_Assignment_: Lines from the one containing "-比尔森韩式烤肉自助(绿园店)" through the last line of the records below need to be repeated exactly; nothing else, and no pictures.

===== Entries supplied =====

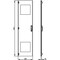 Siemens SIVACON door 8MF1870-2UT15-3BA2 - alternate 2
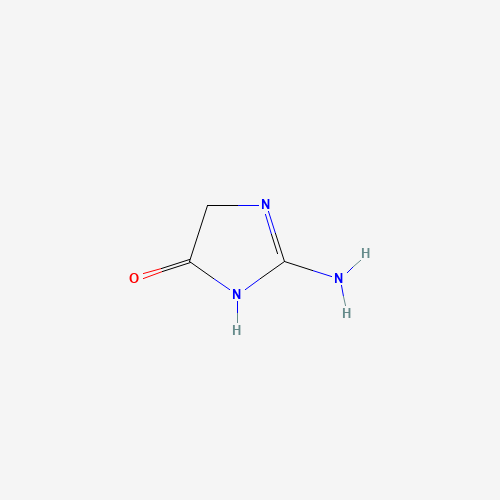 FT-0723325 CAS:503-86-6 chemical structure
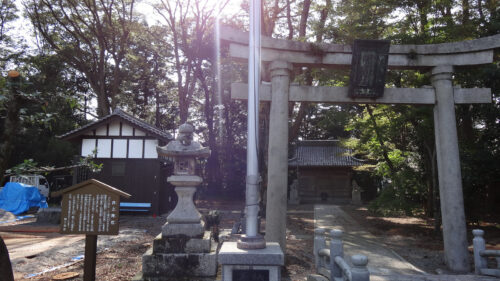 Dsc07581 井上神社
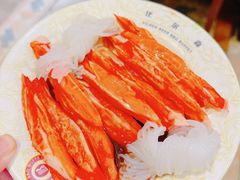 -比尔森韩式烤肉自助(绿园店)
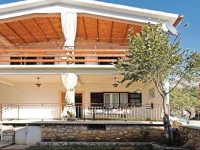 Trg Stjepana Radica III Holiday Home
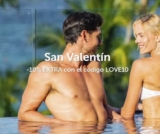 Hoteles Barceló San Valentín | 10% Descuento EXTRA con Código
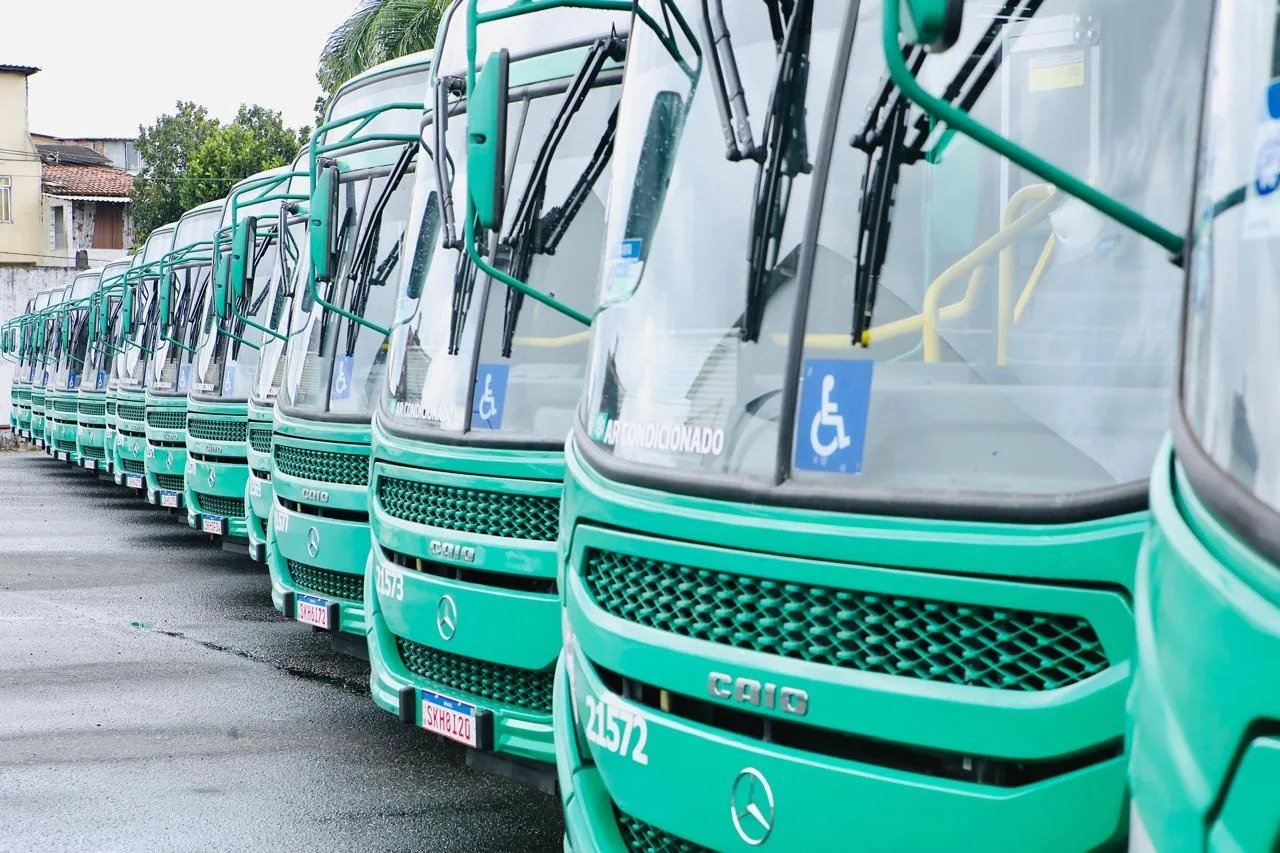 Trobogy e Canabrava ganham novas linhas de ônibus a partir deste sábado (09)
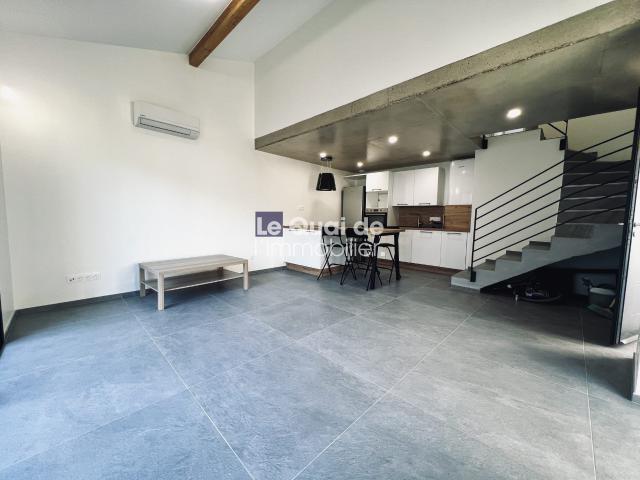 Sassenage Location Maison 38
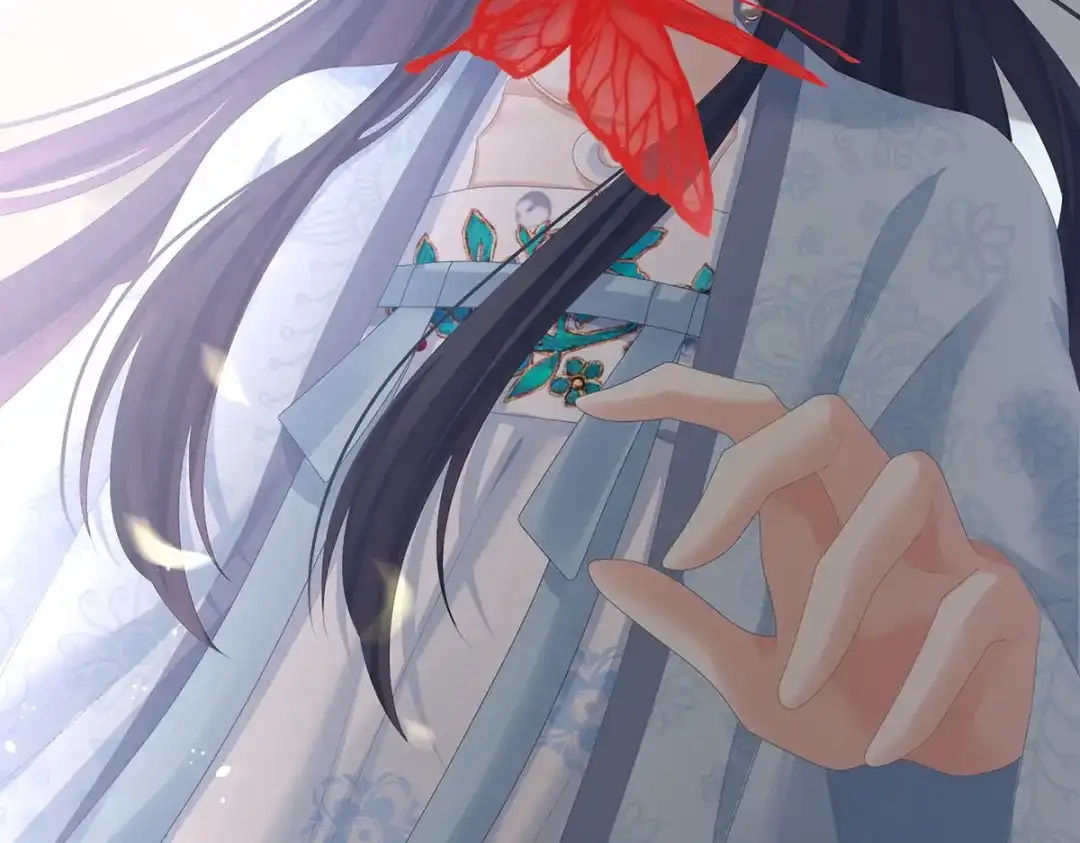 《女帝多蓝颜》第351话 江山我为皇 第52页
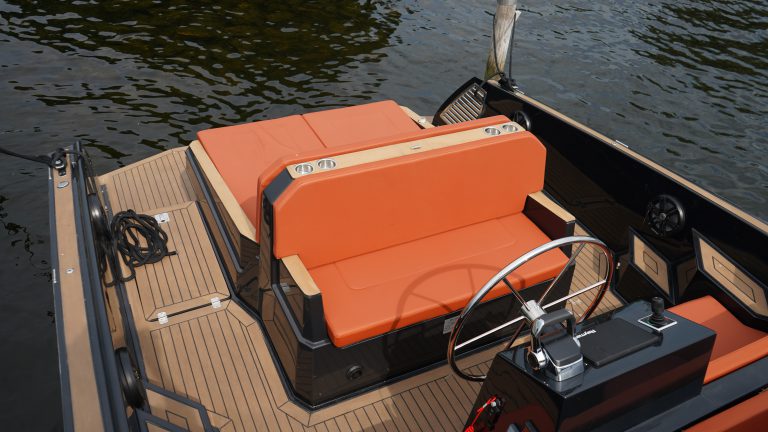 Isloep Rapida 1090 Occasion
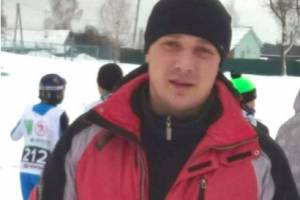 В Дятькове простились с 39-летним спортсменом Иваном Сысоевым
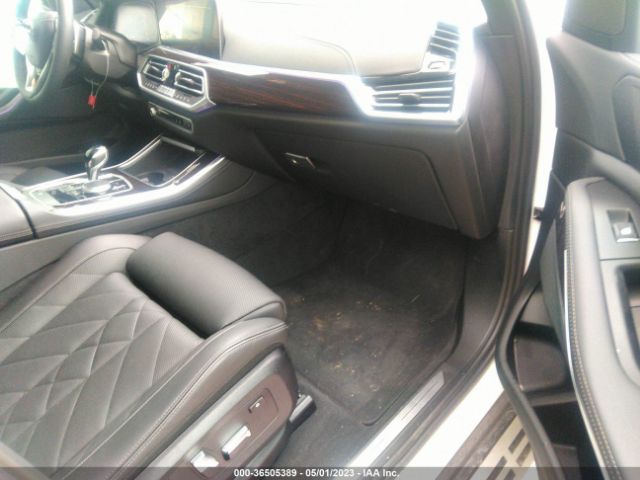 5UXCR6C06P9P75621 BMW X5 Xdrive40i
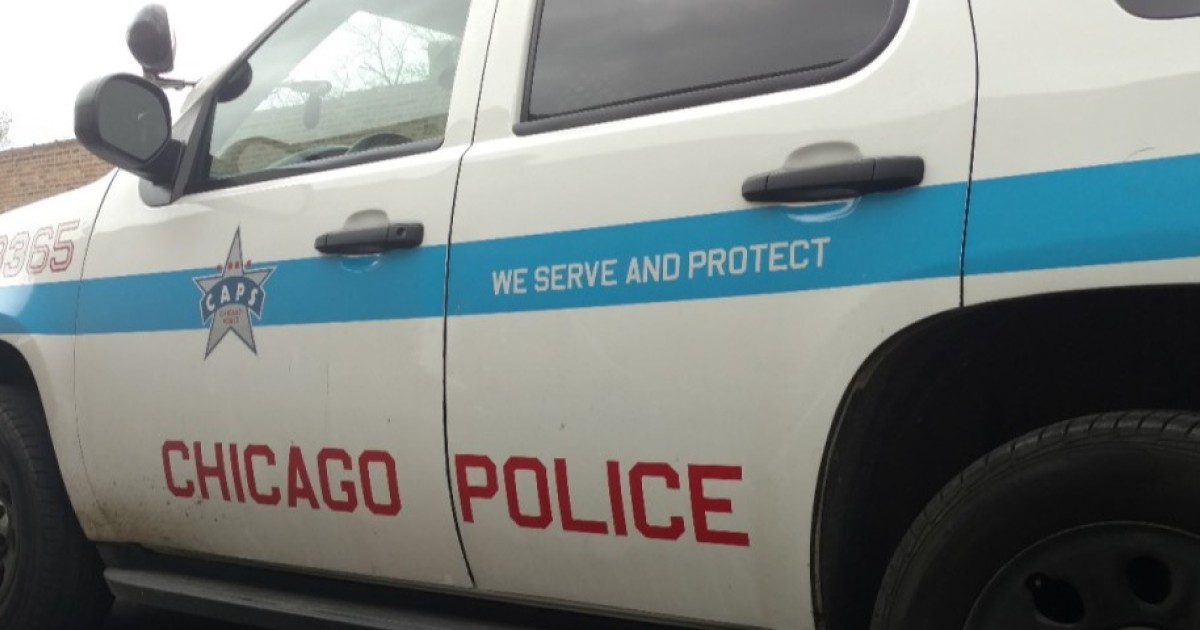 Why aren't more Chicago cops deployed when most shootings occur? - WBEZ Chicago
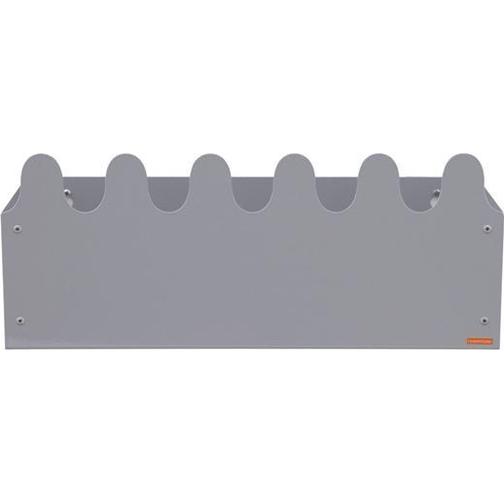 Roommate Hylla Sinus Box & Coat Rack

=====

_Exercise result_:
 -比尔森韩式烤肉自助(绿园店)
 Trg Stjepana Radica III Holiday Home
 Hoteles Barceló San Valentín | 10% Descuento EXTRA con Código
 Trobogy e Canabrava ganham novas linhas de ônibus a partir deste sábado (09)
 Sassenage Location Maison 38
 《女帝多蓝颜》第351话 江山我为皇 第52页
 Isloep Rapida 1090 Occasion
 В Дятькове простились с 39-летним спортсменом Иваном Сысоевым
 5UXCR6C06P9P75621 BMW X5 Xdrive40i
 Why aren't more Chicago cops deployed when most shootings occur? - WBEZ Chicago
 Roommate Hylla Sinus Box & Coat Rack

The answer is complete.